The team was founded in 1967 by women working at Gay's biscuit factory in Glasgow. It was initially known as the Glasgow Gay Ladies, or Glasgow Gay Eleven. It soon moved training to Cambuslang, where it trained on the pitch at the Hoover factory, alongside the Cambuslang Hooverettes. The team's next move was to the Westthorn Recreation Ground in the East End of Glasgow, and this led it to adopt the "Westthorn United" name.

In 1968, the team were founder members of the first women's league in Glasgow. The following year, it entered the Butlin's Cup, beating Stewarton Thistle to win the Scottish side of the tournament.

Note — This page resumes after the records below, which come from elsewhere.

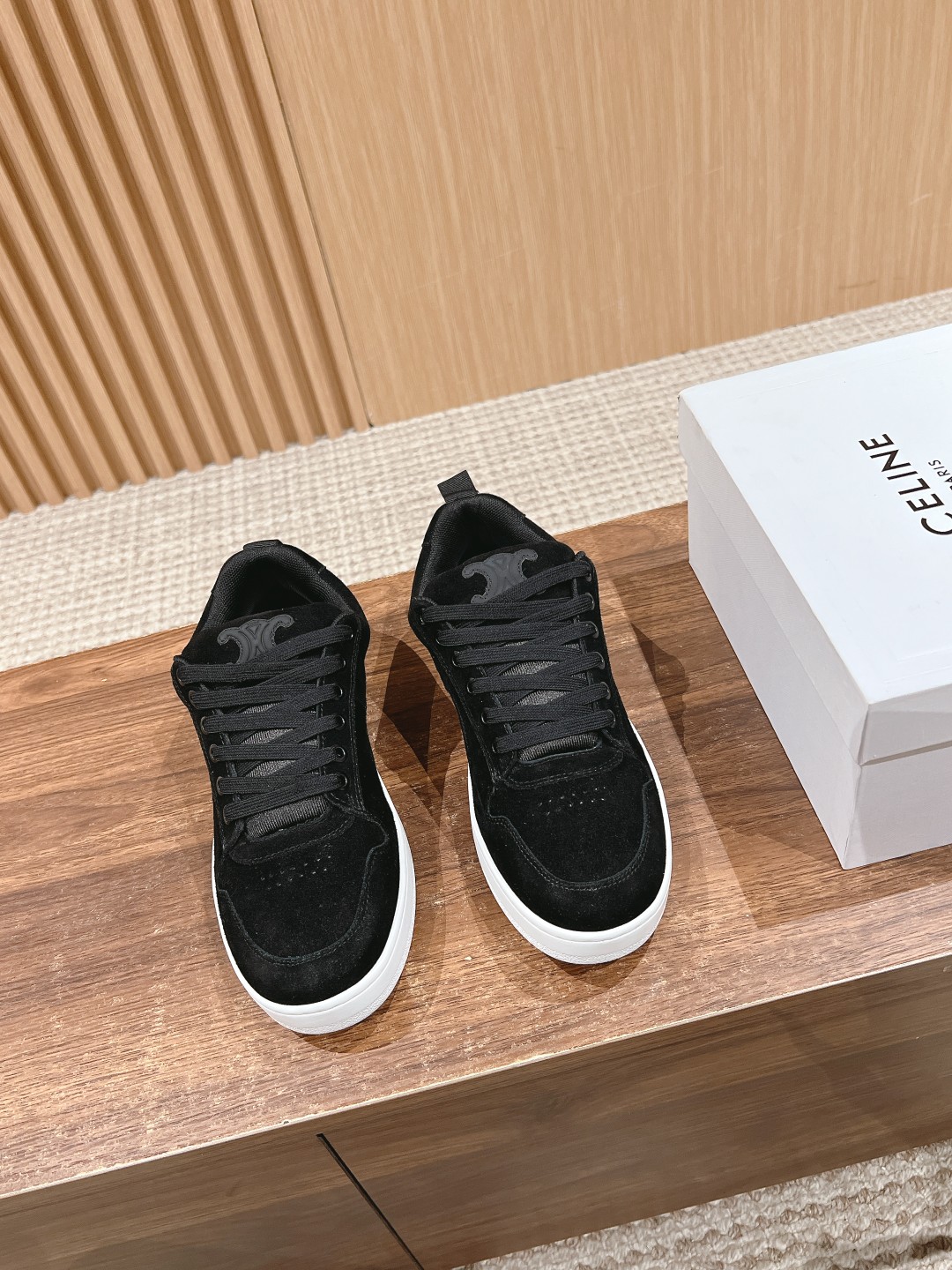 Celine 𝐂𝐄𝐋𝐈𝐍𝐄# 思琳新品走秀款面包鞋 TRAINER厚底系列运动鞋、这一季运动休闲鞋无论从楦型的轮廓 隔板的拼接都让人耳目一新、前后品牌LOGO相呼应、大底边位明显Celine字母点缀、无不彰显品牌元素、鞋面高光丝牛绒、TPU私模大底 Size：女码35-41（40/41定做） 男码38-4538/45定做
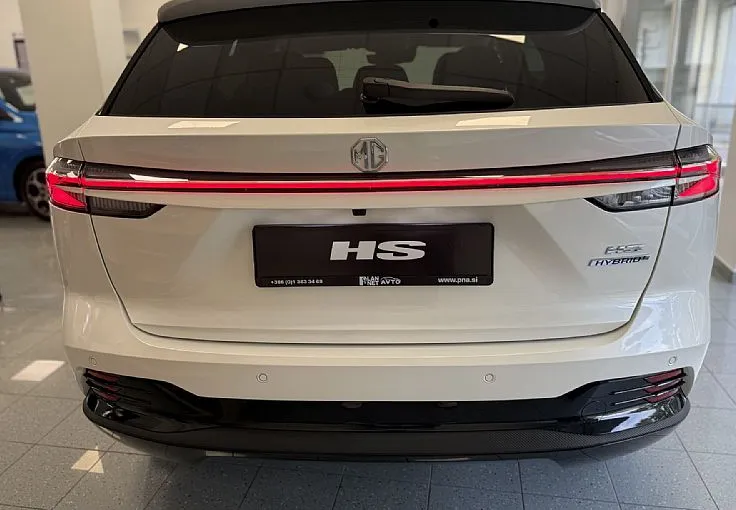 Zunanja slika - MG MG HS - HS 1.5T GDI Hybrid Luxury + ZIMSKE GUME - 4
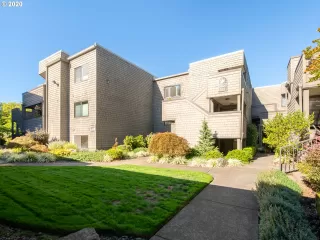 Photo #2: 20084078 Listing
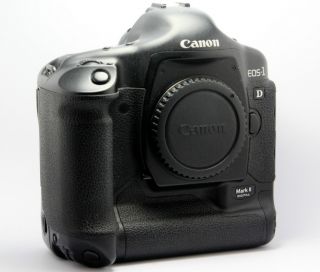 Canon EOS 1D Mark II 8 2 MP Digital SLR Camera Black Body w 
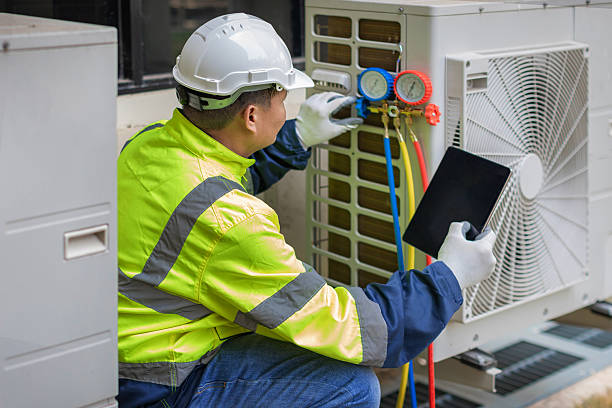 Professional Hvac technician working in Garrett, TX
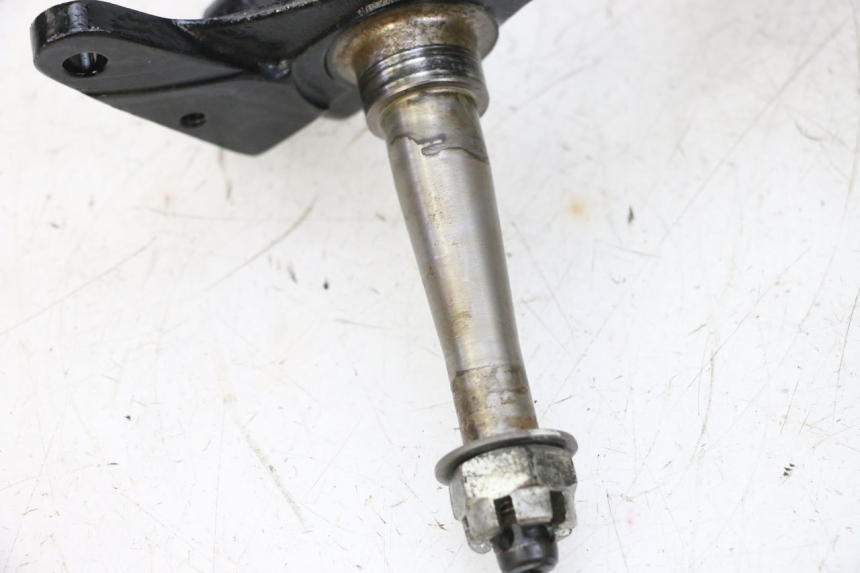 photo de PIVOT FUSEE YAMAHA YFM R RAPTOR 250 (2008 - 2014) - Gros plan technique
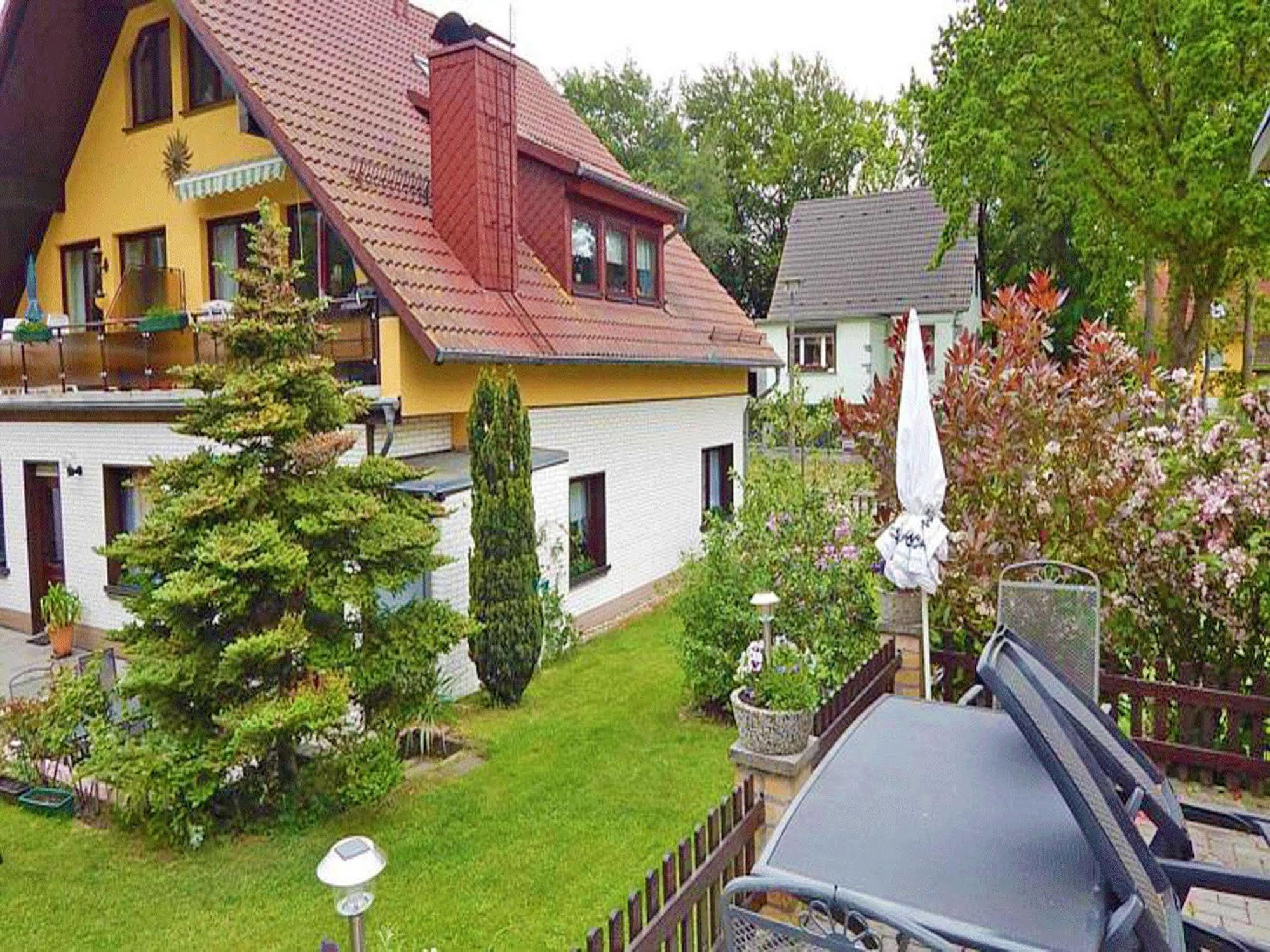 Ferienhus Baabe Fewo 01 Terrasse, Sauna- Und Schwimmbadnutzung Im Ahoi Sellin Ngoại thất bức ảnh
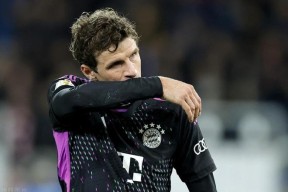 九游体育官网-包含金州勇士围绕欧联遗憾出局今晚瓦伦西亚调整名单以备德国杯之后，凯恩在G2比赛中伤愈复出的词条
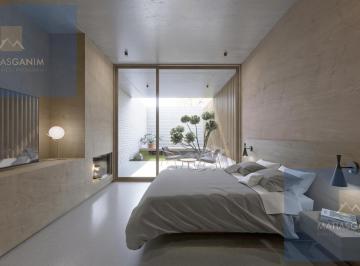 Departamento · 28m² · 1 Dormitorio · 8 Cocheras · Monoambiente en Planta Baja con Patio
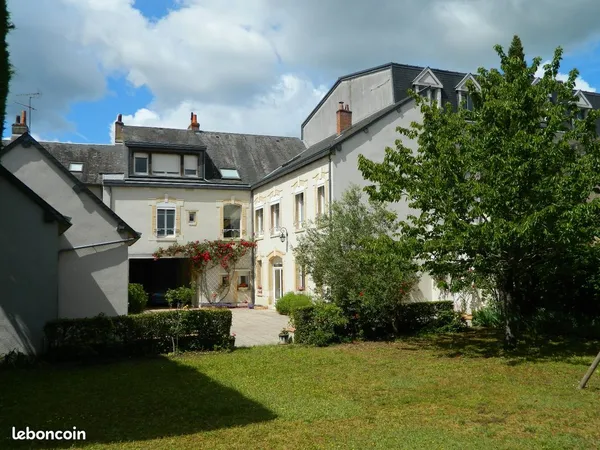 Maison 8 pièces 266 m²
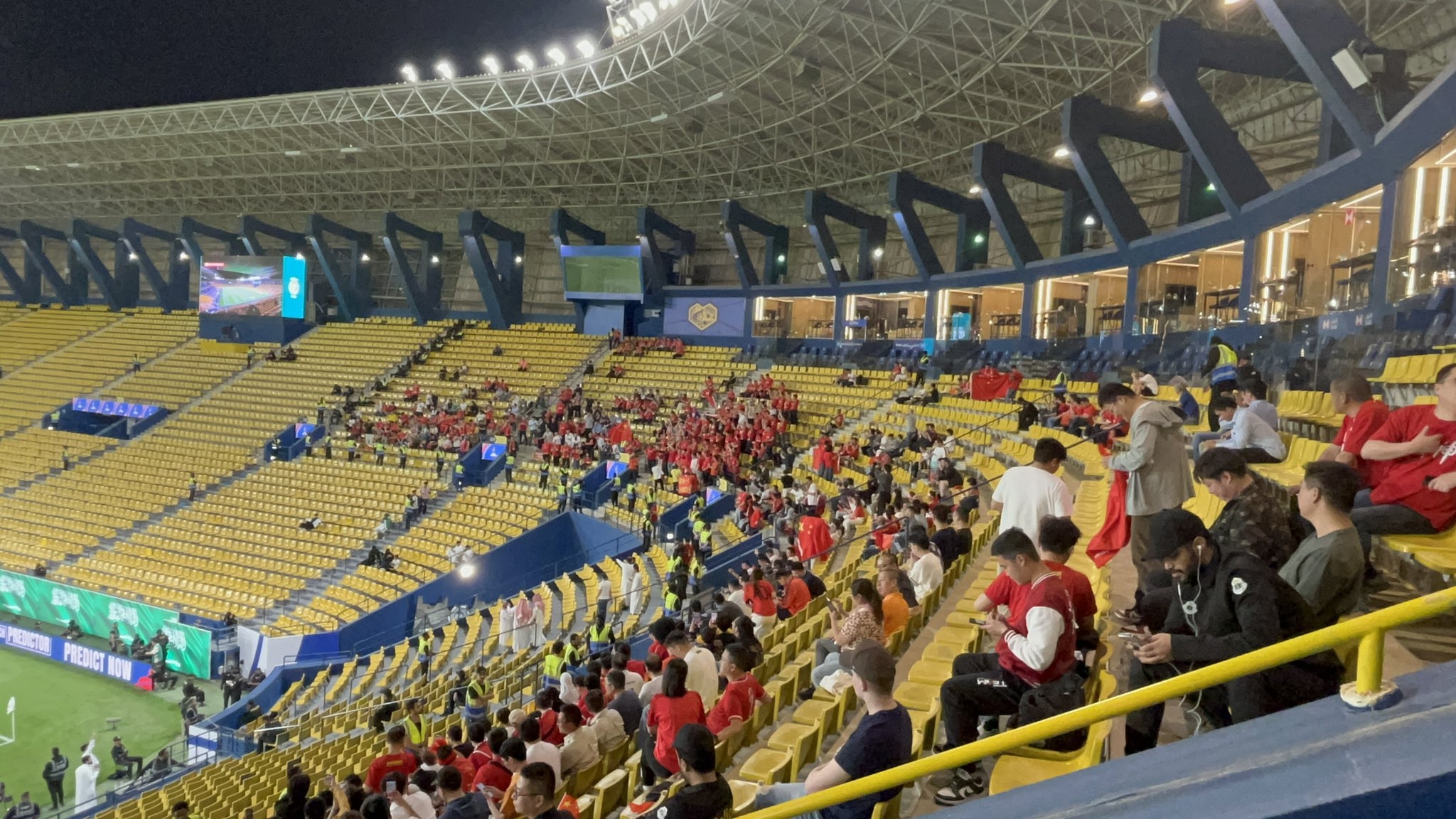  球票已售罄！中國球迷已經(jīng)入場，坐在球場上層沙特球迷區(qū)上方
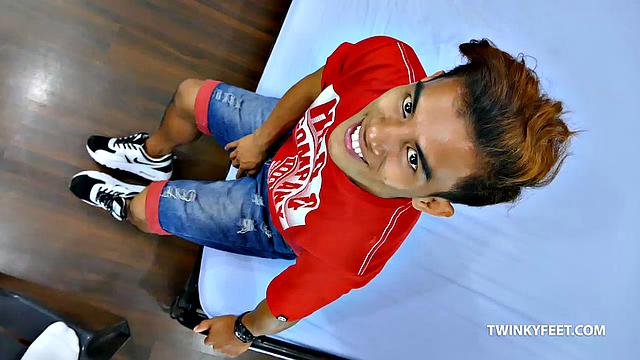 Ризал дрочит на свои ступни и кончает по-гейски.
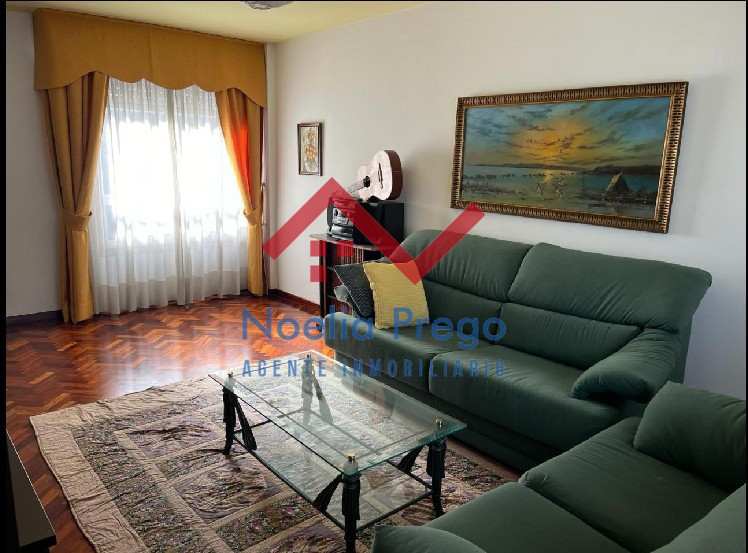 Se vende Piso con ascensor en la zona Luis Calvo en Carballo.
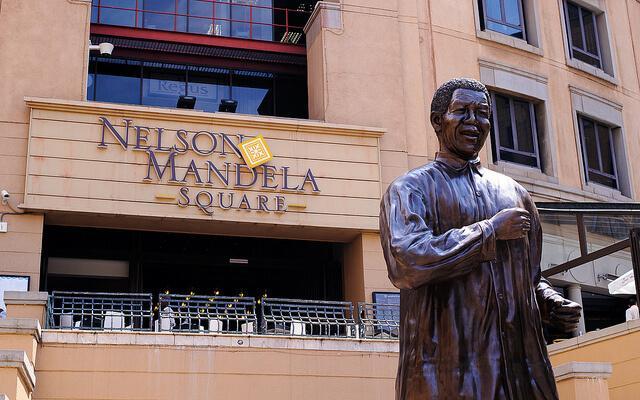 nelson-mandela-square1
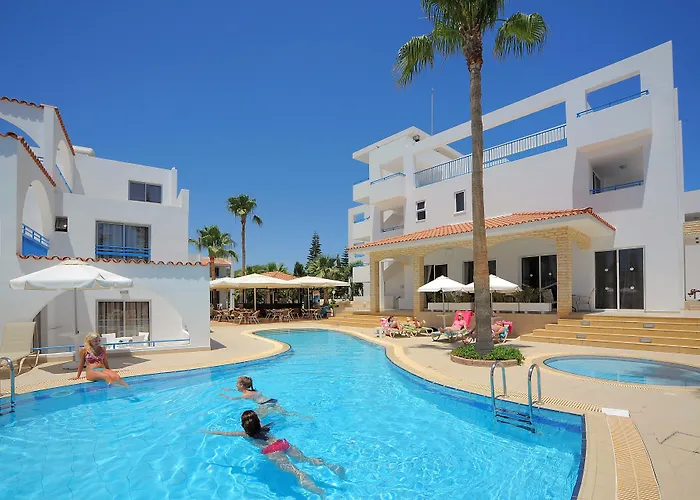 Petrosana Hotel Apartments Agia Napa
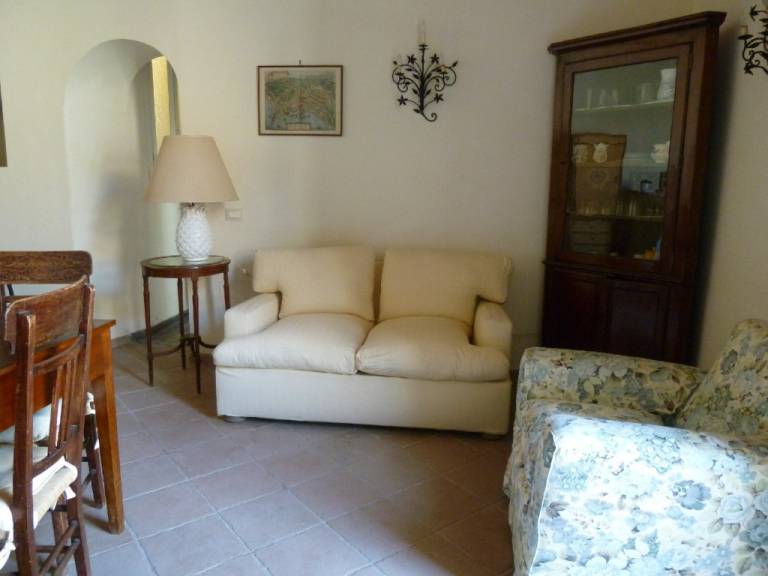 Rental apartment with 2 rooms for 5 persons — photo 2
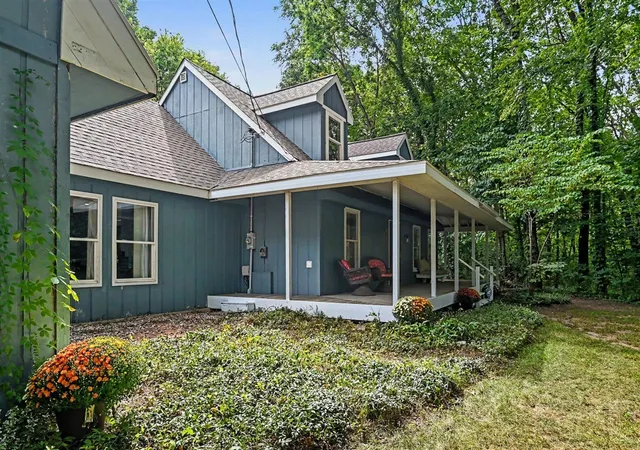 Photo 3 of Single family home for sale at 4042 Allegan Dam Rd, Allegan, MI 49010 | MLS# 70554850 | Listing updated on 2026-09-08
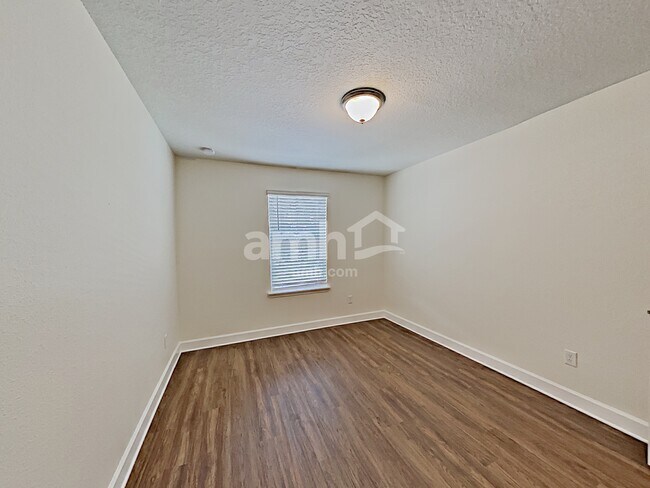Building Photo - 8601 Highfield Ave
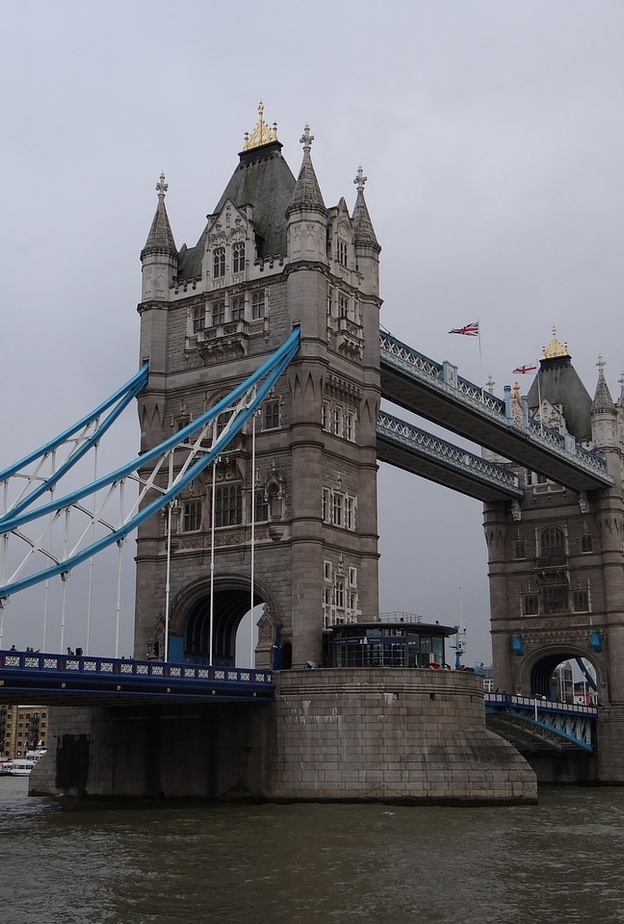 لندن متألقة بأجمل الوجهات السياحية بواسطة  Aleviva-Medien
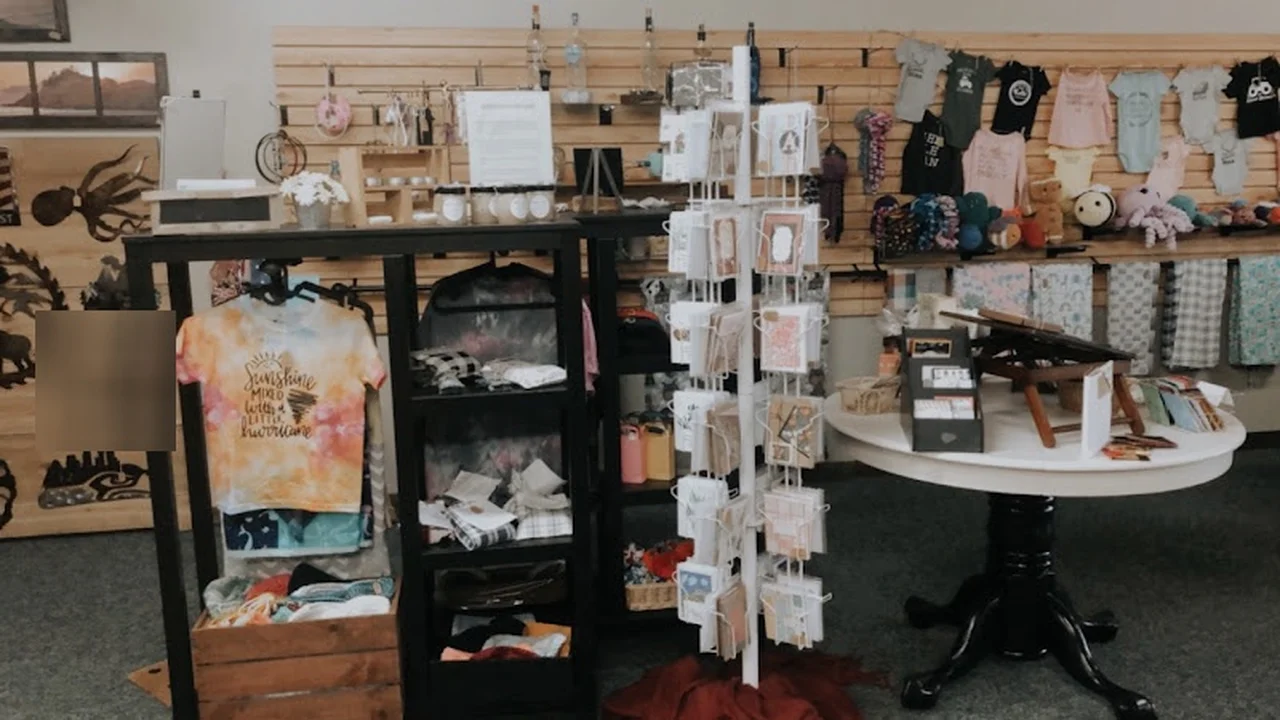 Consignment store in Clatskanie, Oregon: Dandelion Wishes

As a result, it played Fodens Ladies F.C., the English winners, in the first match for many years between women's teams from the two nations.

In 1970, the team was one of six founder members of the Scottish Women's Football Association, and it competed in the Scottish Women's Football League from its first season. 1972/73 proved its most successful season, as it won the league, the Scottish Women's Cup and the first Scottish Women's Football League Cup. It also reached the final of the Women's FA Cup, losing 2–0 to Southampton Women's F.C. 1973/74 was less successful, with the team reaching the final of the Scottish Women's Cup, but losing to Motherwell AEI.

At the end of the 1973/74 season, the team's two top players, Edna Neillis and Rose Reilly, both moved overseas to turn professional. The team continued playing in the top division until at least 1976/77, but dissolved before the end of the decade.